%%
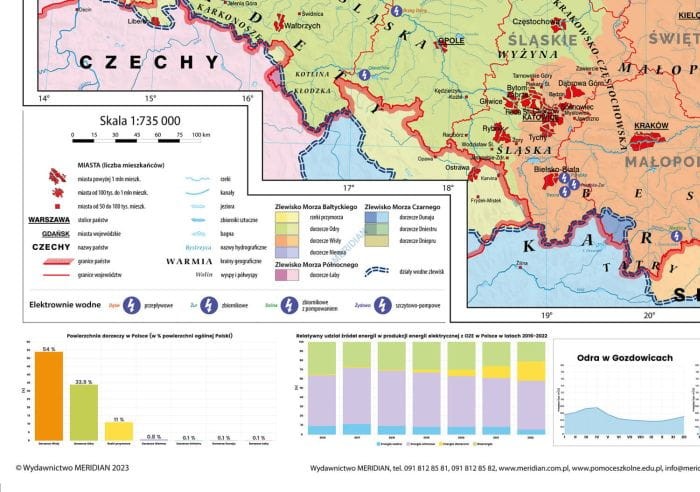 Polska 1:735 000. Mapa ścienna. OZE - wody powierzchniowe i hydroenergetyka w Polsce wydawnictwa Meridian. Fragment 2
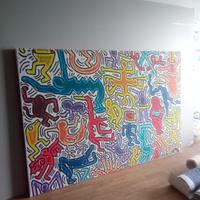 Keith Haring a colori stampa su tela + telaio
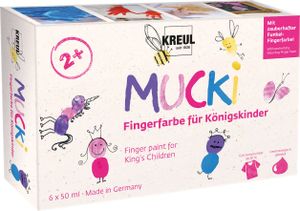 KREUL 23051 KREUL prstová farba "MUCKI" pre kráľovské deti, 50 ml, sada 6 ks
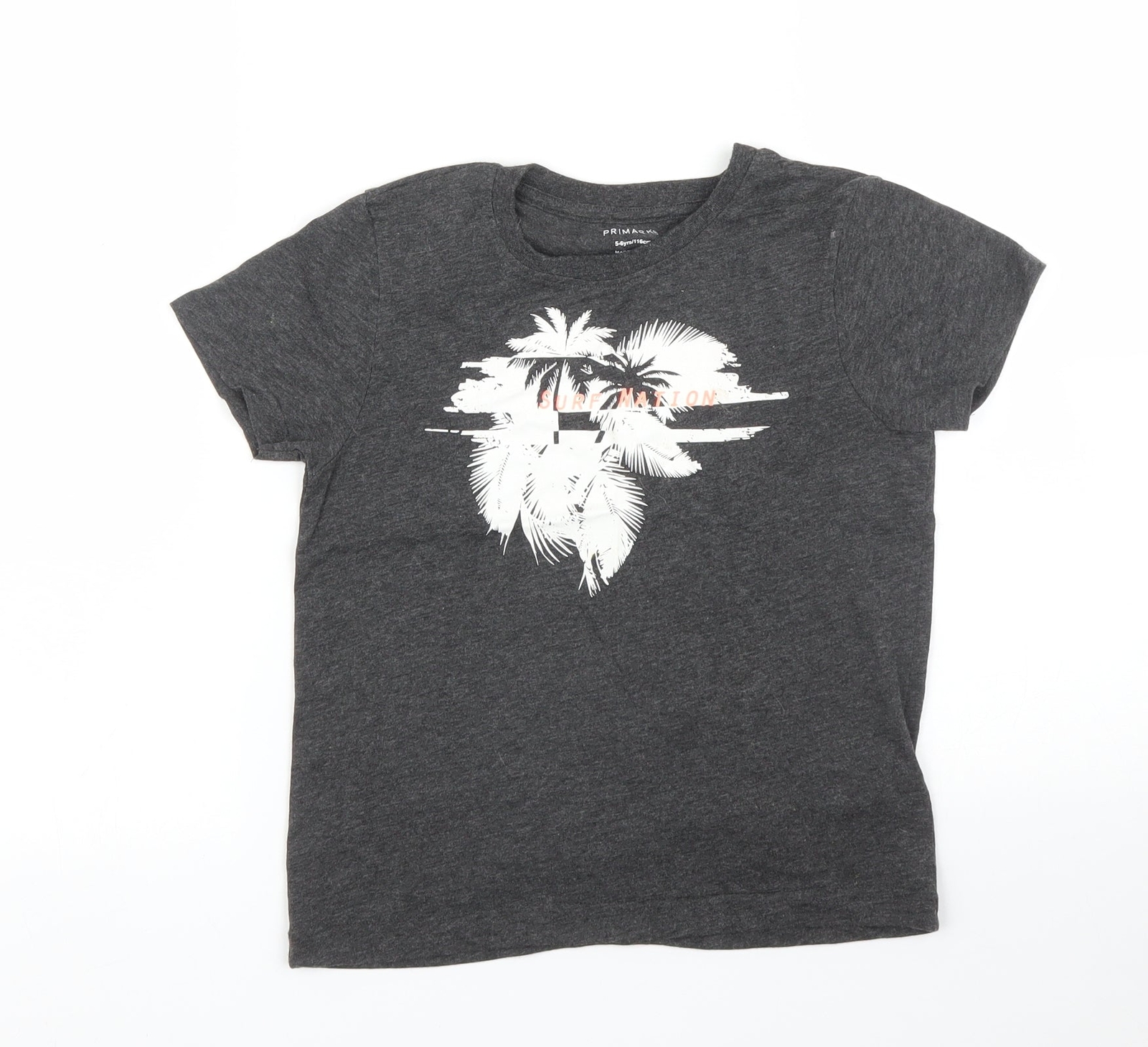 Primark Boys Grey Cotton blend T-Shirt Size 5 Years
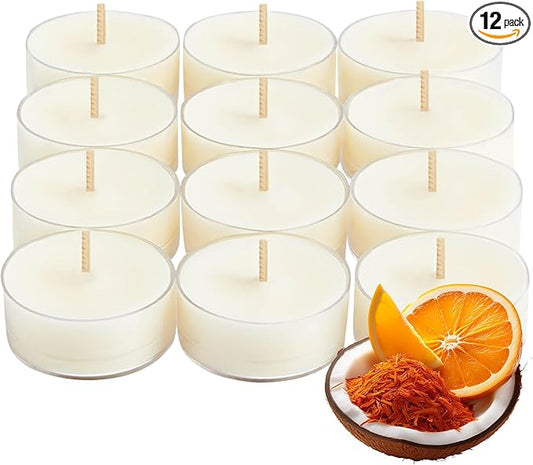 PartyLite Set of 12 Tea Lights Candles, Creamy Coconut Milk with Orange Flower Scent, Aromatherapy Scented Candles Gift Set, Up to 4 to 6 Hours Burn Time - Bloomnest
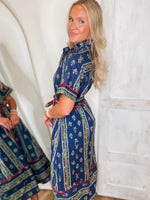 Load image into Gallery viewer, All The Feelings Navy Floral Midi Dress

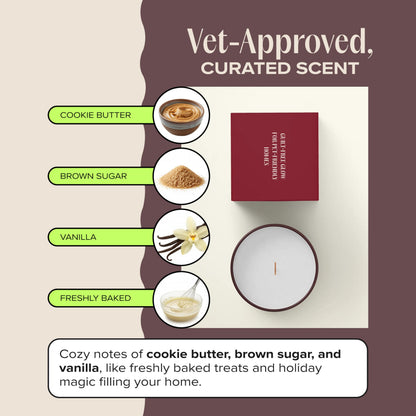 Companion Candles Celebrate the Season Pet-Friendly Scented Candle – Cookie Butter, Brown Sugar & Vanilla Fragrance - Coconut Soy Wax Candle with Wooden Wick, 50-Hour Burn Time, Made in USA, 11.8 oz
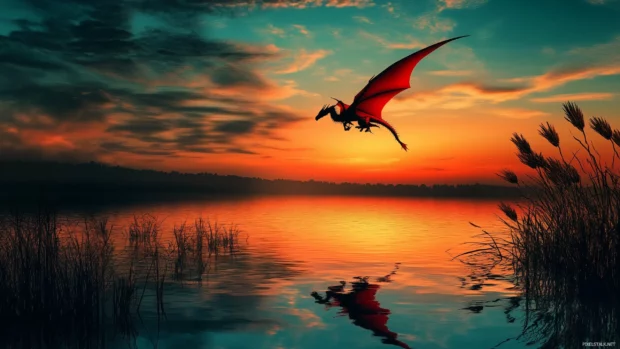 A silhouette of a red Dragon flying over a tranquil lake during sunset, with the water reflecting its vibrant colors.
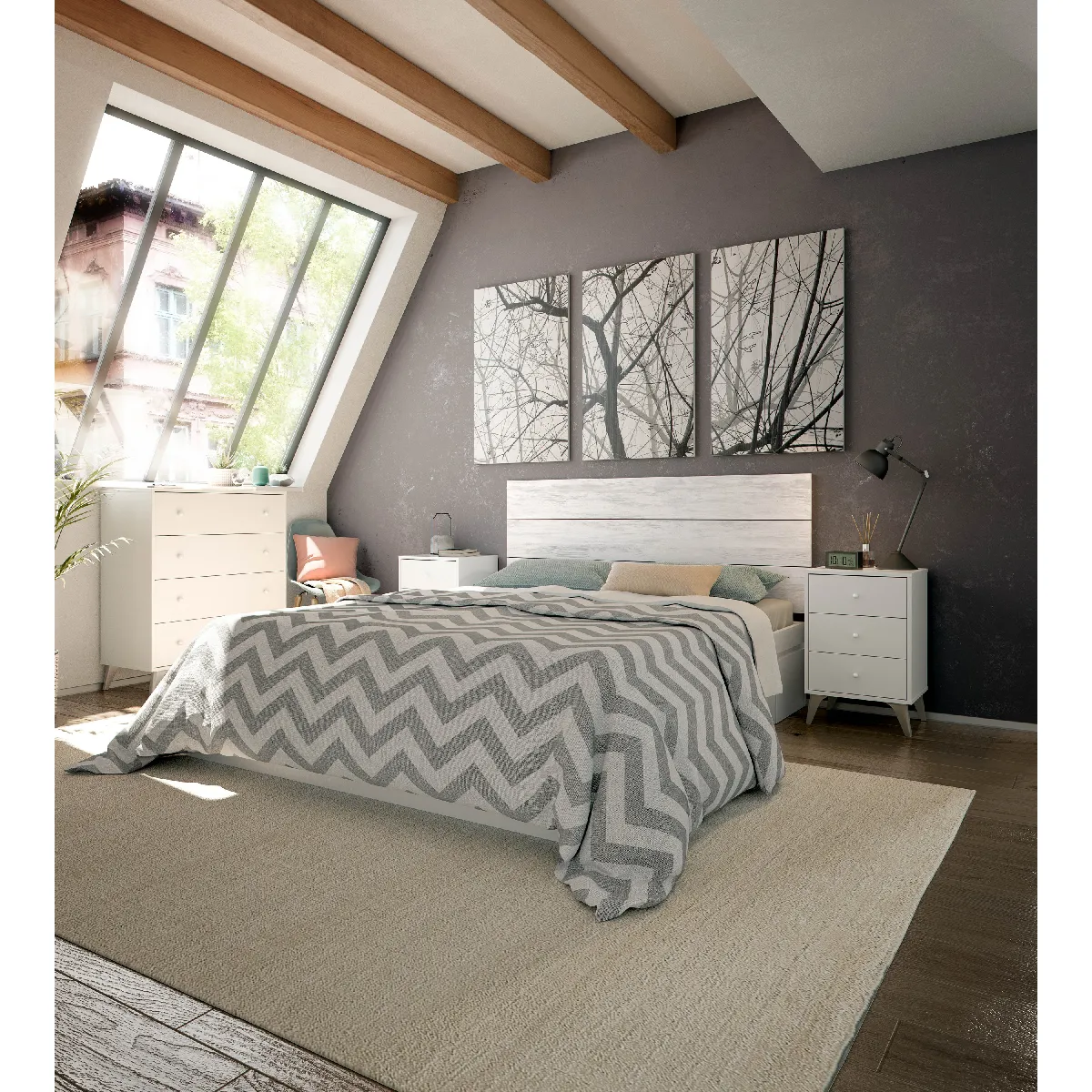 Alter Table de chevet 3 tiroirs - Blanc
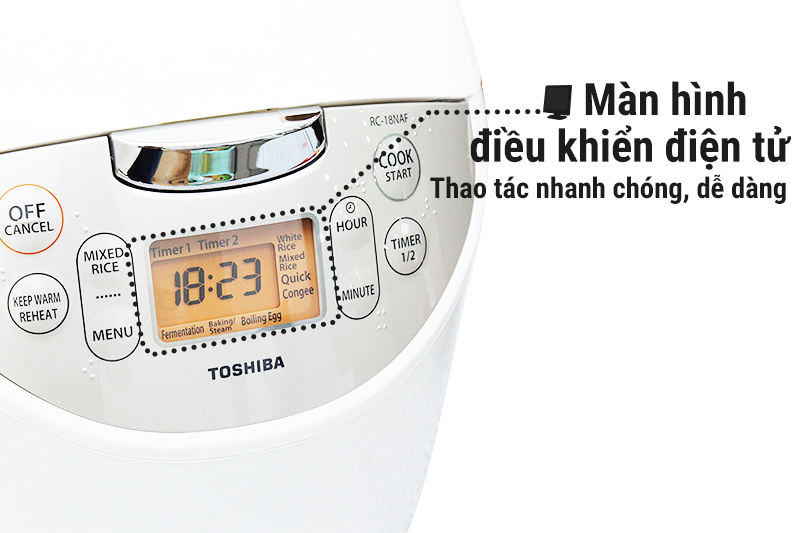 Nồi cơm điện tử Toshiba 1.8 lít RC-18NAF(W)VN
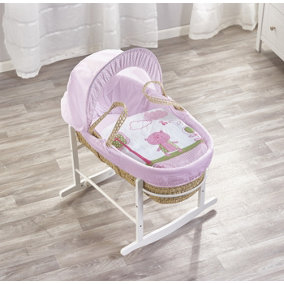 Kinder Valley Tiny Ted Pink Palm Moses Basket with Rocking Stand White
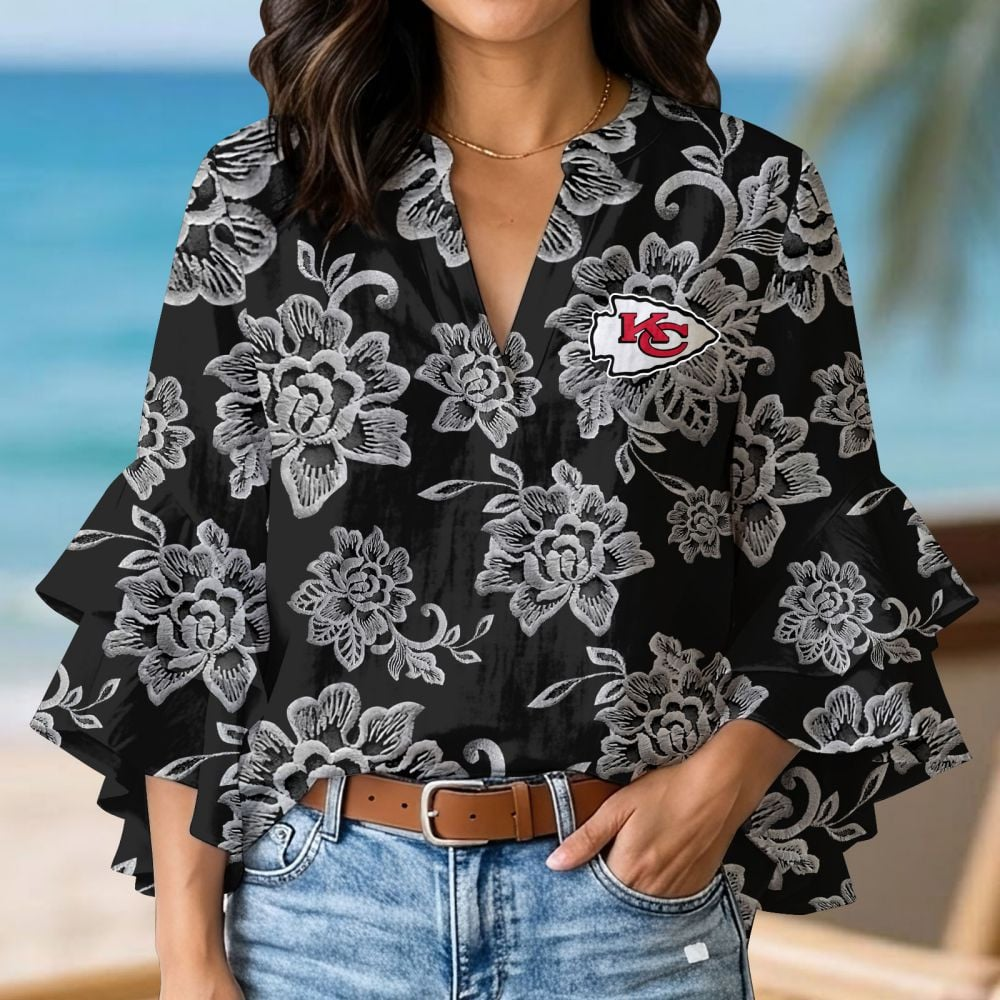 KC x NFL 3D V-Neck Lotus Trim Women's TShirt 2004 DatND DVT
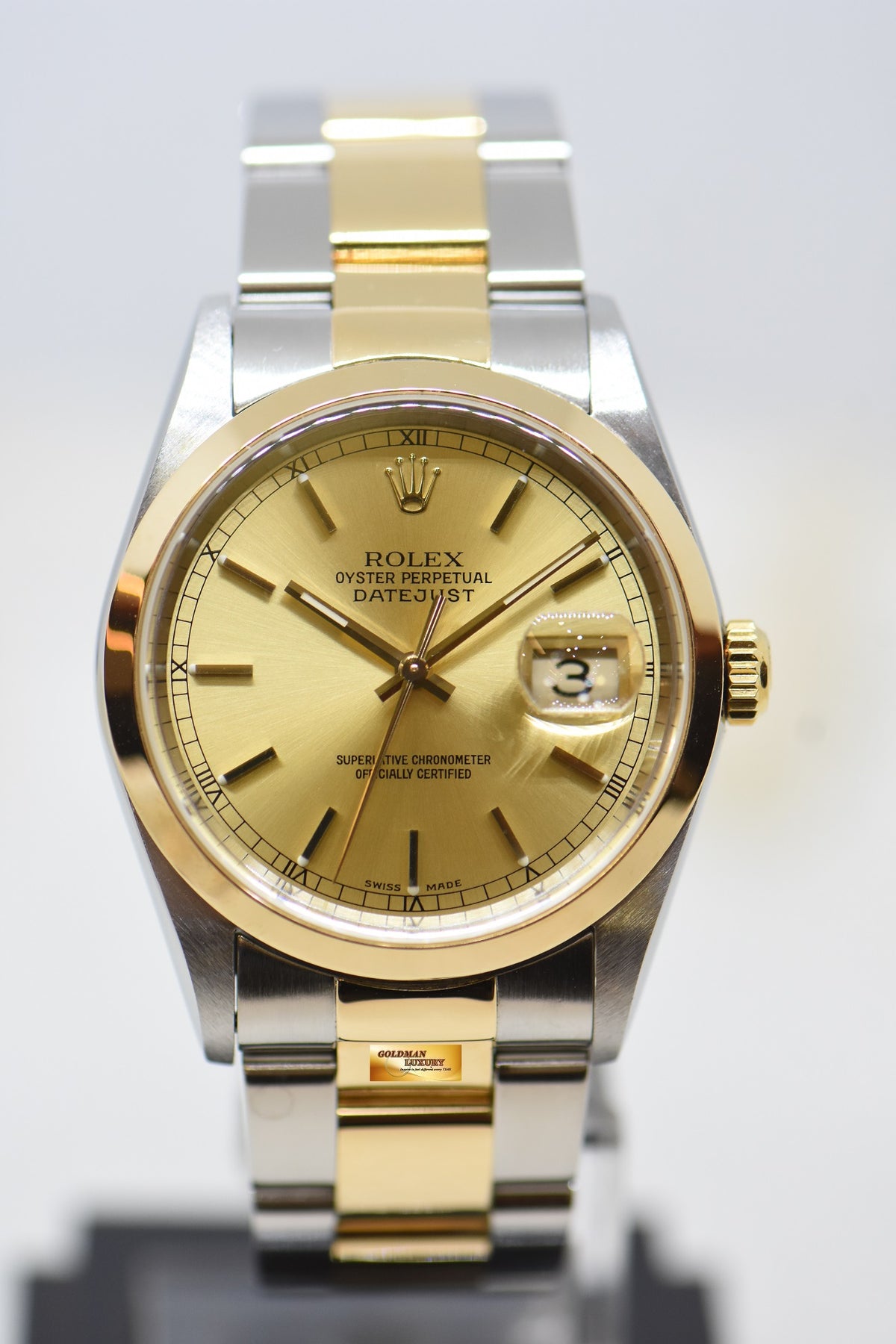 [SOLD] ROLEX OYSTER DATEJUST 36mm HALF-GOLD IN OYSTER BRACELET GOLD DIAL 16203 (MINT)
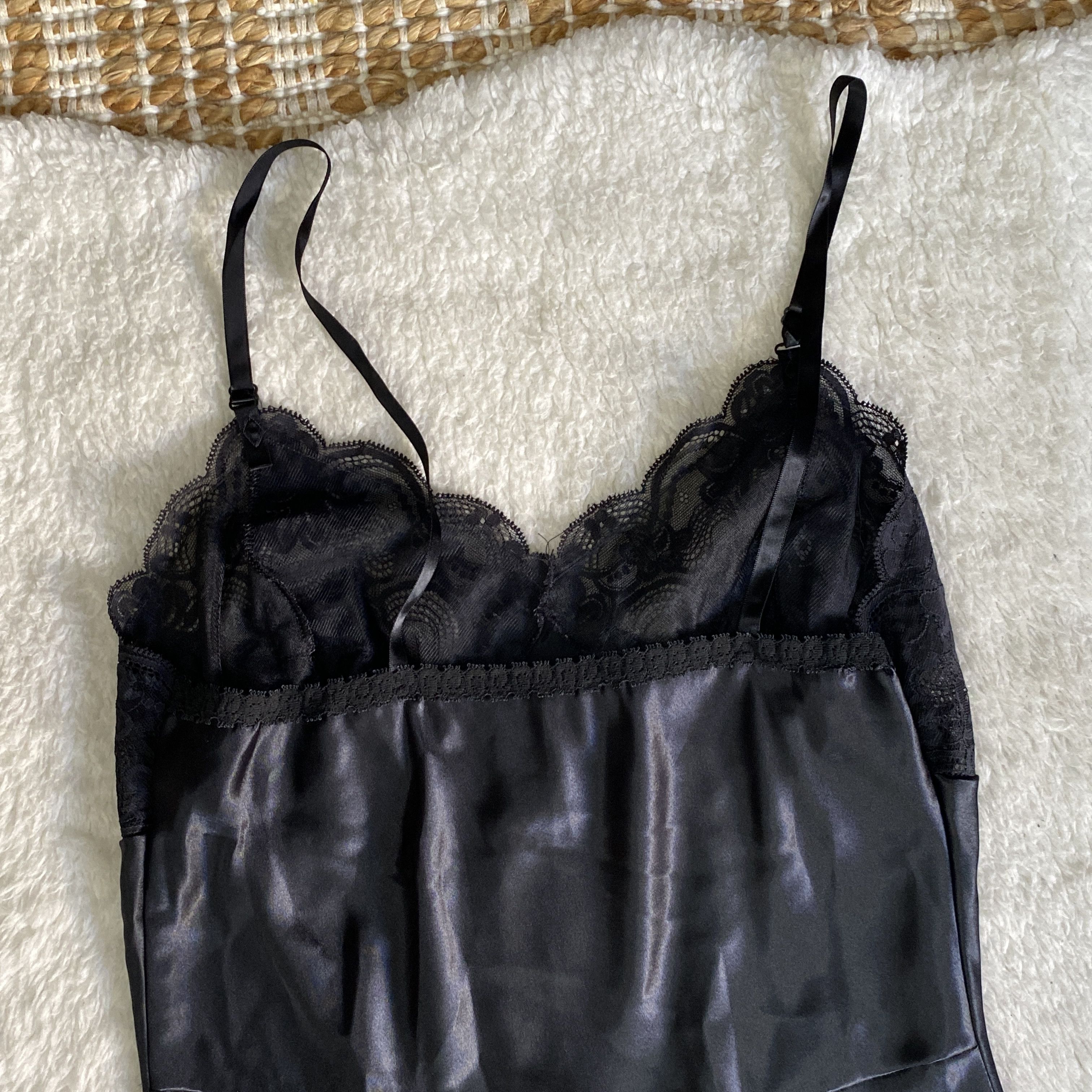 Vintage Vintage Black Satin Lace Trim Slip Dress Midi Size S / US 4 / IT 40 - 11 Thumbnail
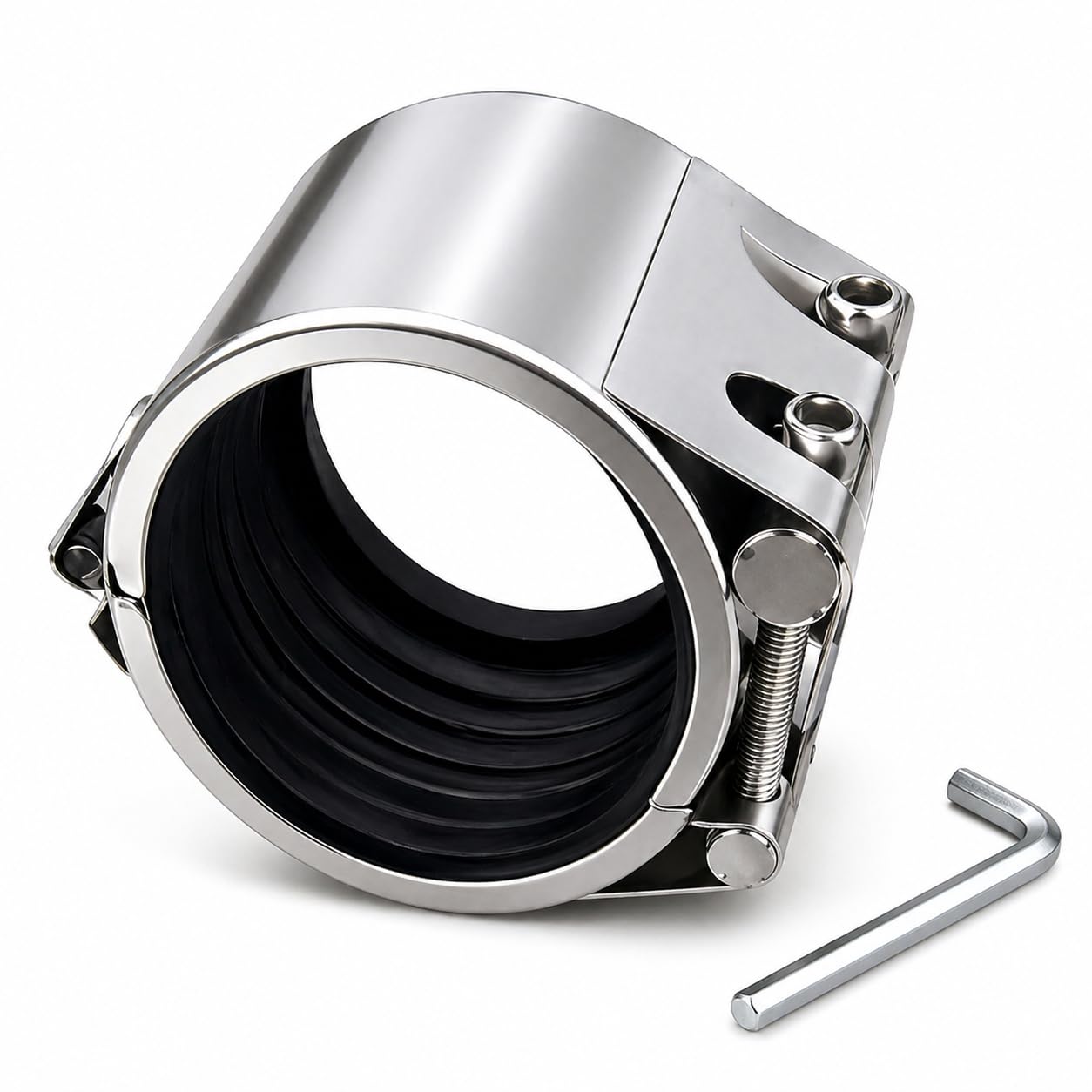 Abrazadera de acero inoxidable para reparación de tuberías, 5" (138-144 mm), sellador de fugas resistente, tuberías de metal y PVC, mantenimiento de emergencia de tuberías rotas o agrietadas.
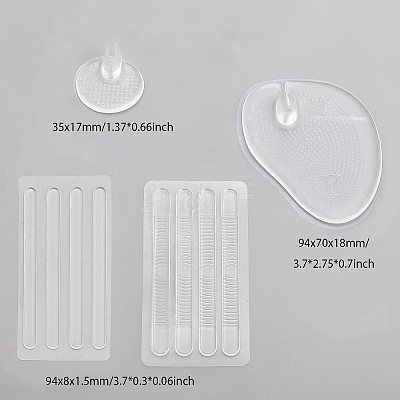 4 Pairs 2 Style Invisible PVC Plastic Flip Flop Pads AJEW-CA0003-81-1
%%
--- What is required ---
The material should be returned verbatim, with all images omitted.

--- Written response ---
 Polska 1:735 000. Mapa ścienna. OZE - wody powierzchniowe i hydroenergetyka w Polsce wydawnictwa Meridian. Fragment 2
 Keith Haring a colori stampa su tela + telaio
 KREUL 23051 KREUL prstová farba "MUCKI" pre kráľovské deti, 50 ml, sada 6 ks
 Primark Boys Grey Cotton blend T-Shirt Size 5 Years
 PartyLite Set of 12 Tea Lights Candles, Creamy Coconut Milk with Orange Flower Scent, Aromatherapy Scented Candles Gift Set, Up to 4 to 6 Hours Burn Time - Bloomnest
 Load image into Gallery viewer, All The Feelings Navy Floral Midi Dress

 Companion Candles Celebrate the Season Pet-Friendly Scented Candle – Cookie Butter, Brown Sugar & Vanilla Fragrance - Coconut Soy Wax Candle with Wooden Wick, 50-Hour Burn Time, Made in USA, 11.8 oz
 A silhouette of a red Dragon flying over a tranquil lake during sunset, with the water reflecting its vibrant colors.
 Alter Table de chevet 3 tiroirs - Blanc
 Nồi cơm điện tử Toshiba 1.8 lít RC-18NAF(W)VN
 Kinder Valley Tiny Ted Pink Palm Moses Basket with Rocking Stand White
 KC x NFL 3D V-Neck Lotus Trim Women's TShirt 2004 DatND DVT
 [SOLD] ROLEX OYSTER DATEJUST 36mm HALF-GOLD IN OYSTER BRACELET GOLD DIAL 16203 (MINT)
 Vintage Vintage Black Satin Lace Trim Slip Dress Midi Size S / US 4 / IT 40 - 11 Thumbnail
 Abrazadera de acero inoxidable para reparación de tuberías, 5" (138-144 mm), sellador de fugas resistente, tuberías de metal y PVC, mantenimiento de emergencia de tuberías rotas o agrietadas.
 4 Pairs 2 Style Invisible PVC Plastic Flip Flop Pads AJEW-CA0003-81-1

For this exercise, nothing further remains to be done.